Rep. Patricia Schroeder said after it was revealed that the Marine Corps wanted to ban married recruits, "If they are not allowed to be homosexuals, and they're not allowed to be married, what are they supposed to do, take cold showers?"

It is pretty easy to have fun with the Marines on this. Certainly, the way the attempt at policy change was handled was inept. The order was issued before the commandant had cleared it with the secretary of the Navy or the secretary of Defense. So no sooner had the directive gone out than it was rescinded.

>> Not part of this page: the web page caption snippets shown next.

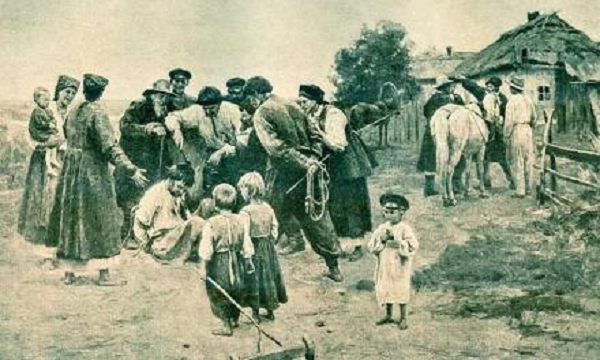 Банда каннибала Мацапуры. Первые в истории Украины серийные убийцы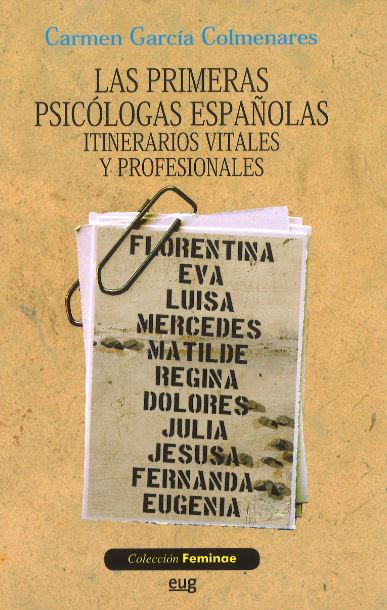 Las primeras psicólogas españolas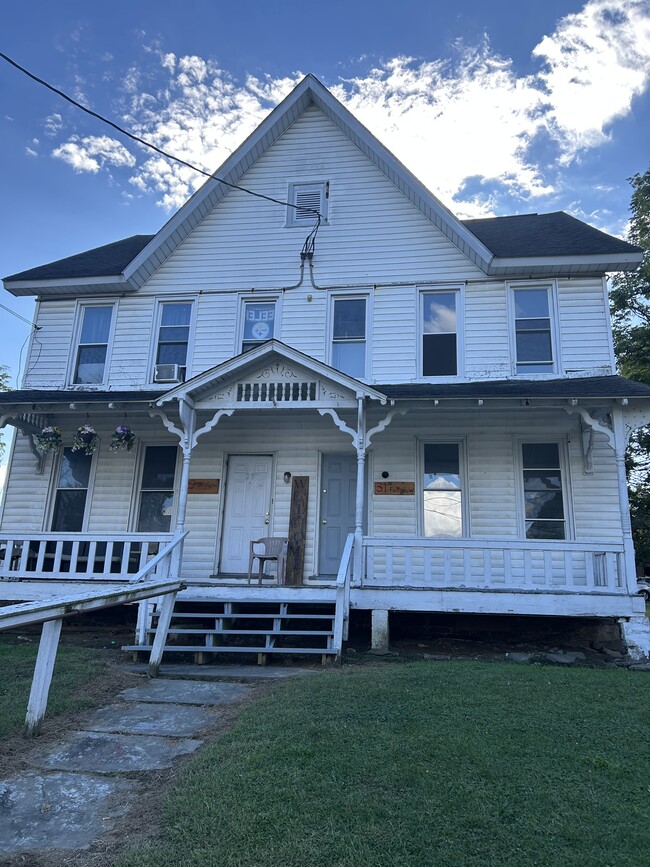 Front entrance - 31 N Fairview St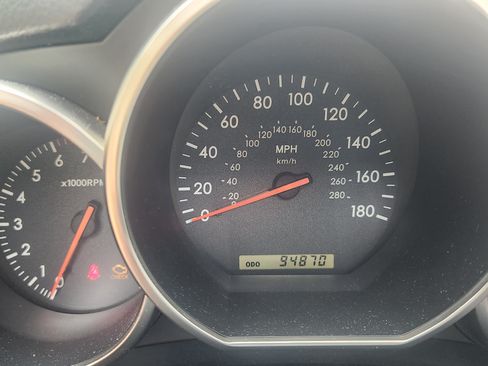 Used 2002 Lexus SC 430 Convertible image 10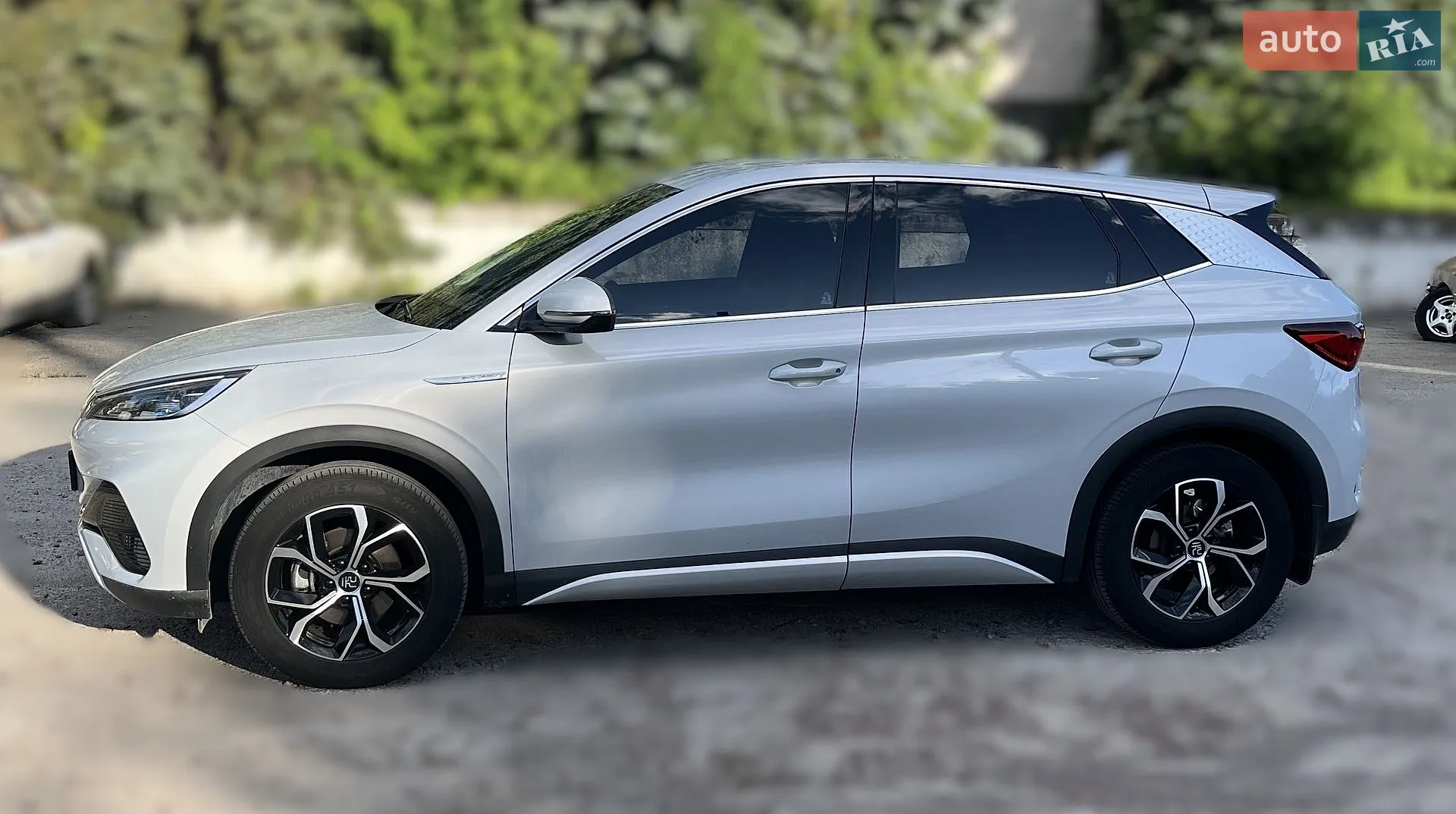 2022 BYD Yuan - мініатюра 2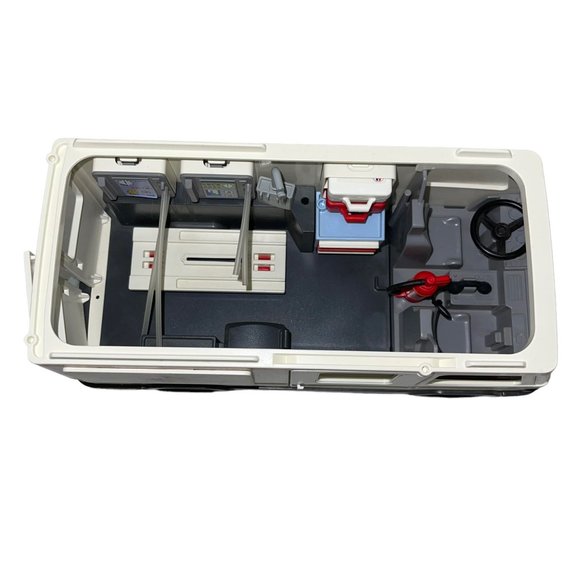 PLAYMOBIL AMBULANCE VINTAGE - Geobra 1977 EUR 5,00 - FR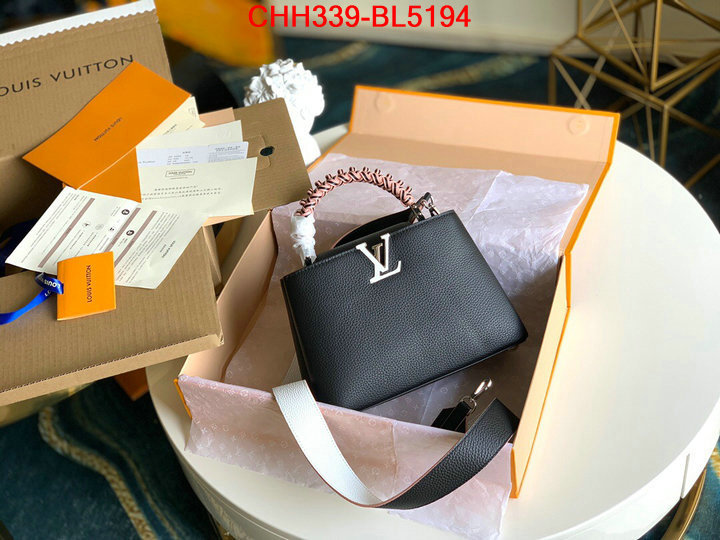 LV Bags(TOP)-Handbag Collection-,ID: BL5194,$: 339USD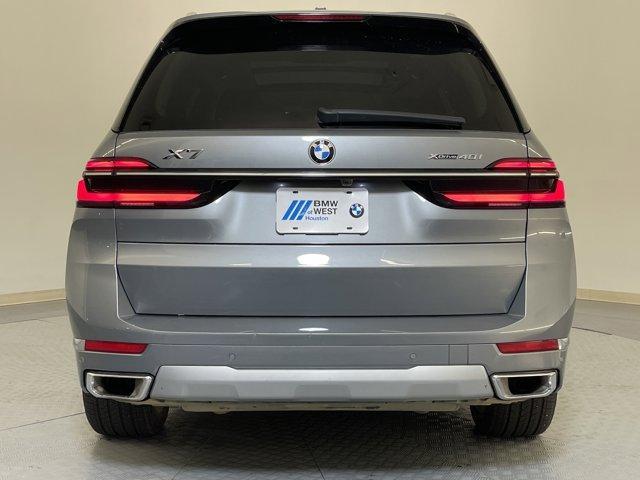 used 2025 BMW X7 car, priced at $68,999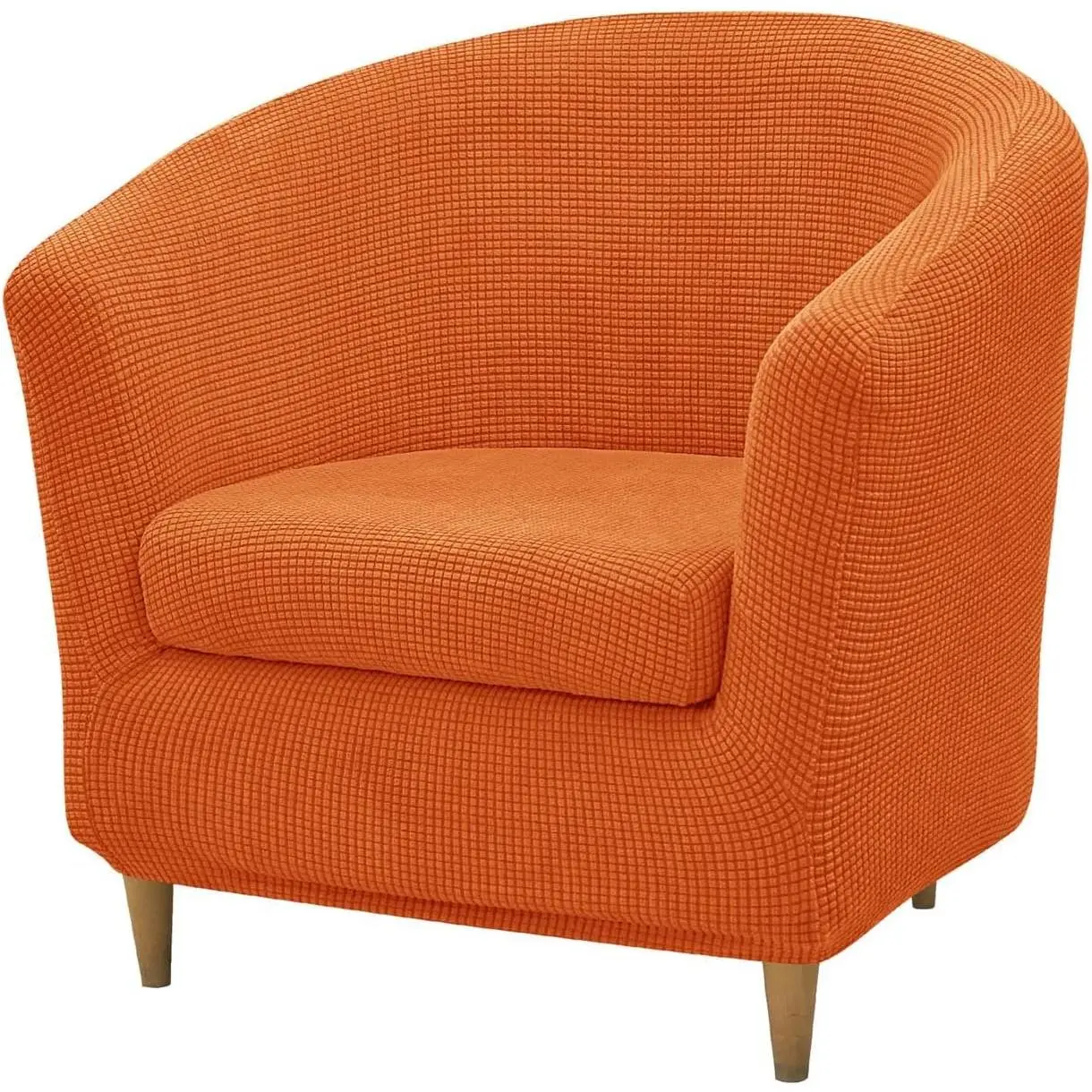 Jacquard Orange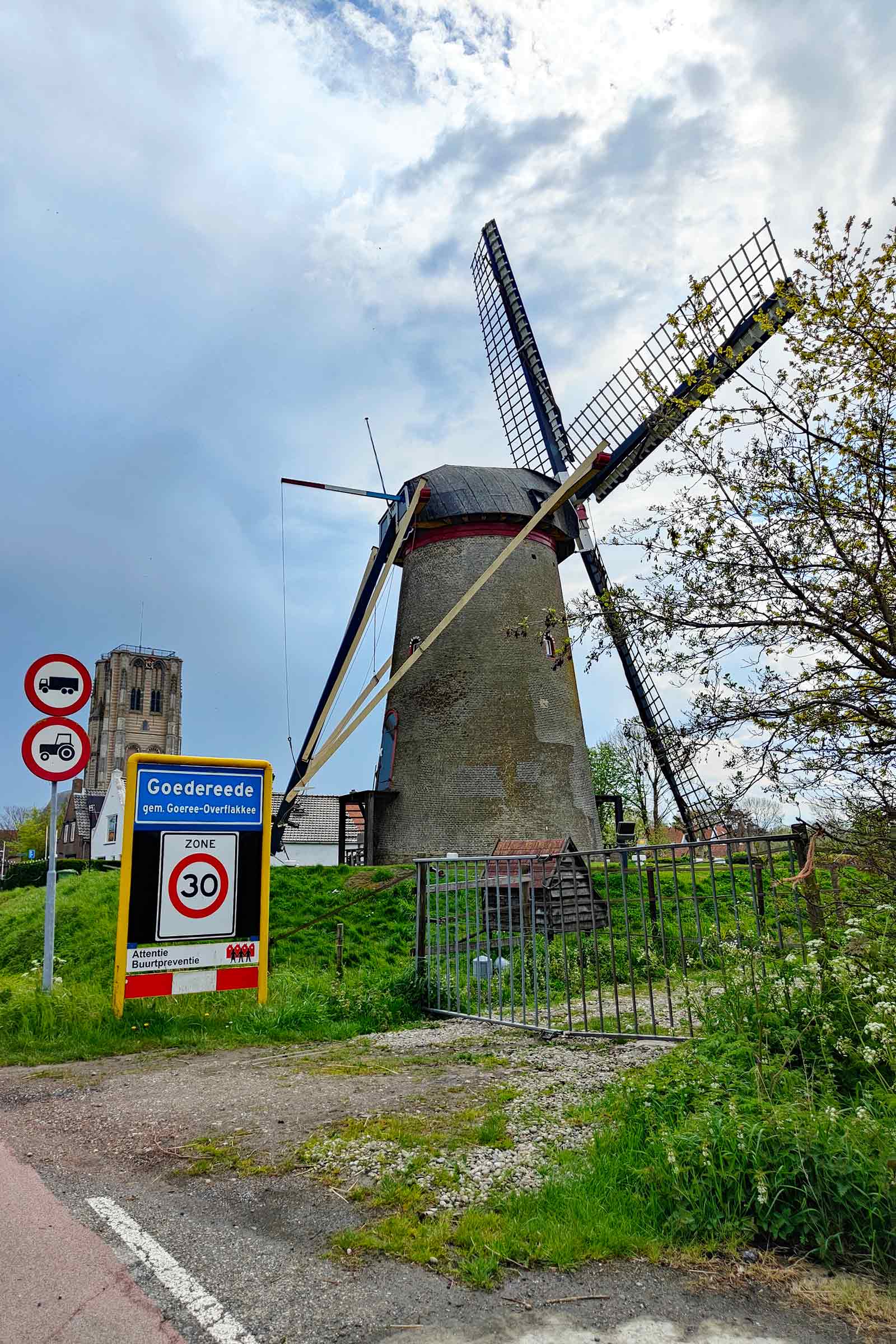 Bezienswaardigheden Goeree-overflakkee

But what about the substance of the order? Was it "outrageous," as Representative Schroeder also said? Not at all, in our view. She is on the House Armed Services Committee, so she must know that the corps has been having a problem with married first-tour Marines. Typically these are 18-, 19- and 20-year-old males, with even younger wives. Duty often imposes 24-hour-a day obligations ("married to the corps"). Also the couples are often separated for longer periods as the Marines are sent where family can't follow. Many young people do not have the maturity to handle that. Many also are unable to manage family life on the very tight budgets junior enlisted families have to observe.

According to the corps, many of these Marines have such severe domestic problems that their marriages end in divorce. These Marines become a morale, and therefore a readiness, problem for the corps. Most young first-tour married Marines who don't divorce don't re-enlist, either. They become a lost resource and a poor investment. So the ban on married recruits and a policy of counseling against marriage to young Marines makes sense from the perspective of the corps -- and of taxpayers.

An ACLU official labels the proposal "intrusive meddling." It would be in most civilian and private organizations. But the military is different. It has always placed restrictions on personal activity and status that Congress, the courts and the public have accepted as realistic.

For example, Beverly Byron, the former Maryland representative who chaired the House Armed Services Committee's personnel subcommittee, points out that the military academies are for singles only. You don't get accepted unless you're single, and you get kicked out if you get married before you graduate. What's so wrong with having the same rule for first-tour enlisted recruits?

Secretary of Defense Les Aspin says the Pentagon will now review the rescinded proposal. It should. And if, as seems likely, the reviewers come to the same conclusion as before, the corps, on readiness grounds, should not hesitate to ask for permission to re-issue the order. And the civilian leadership of the military should not, on political grounds, be afraid to grant permission.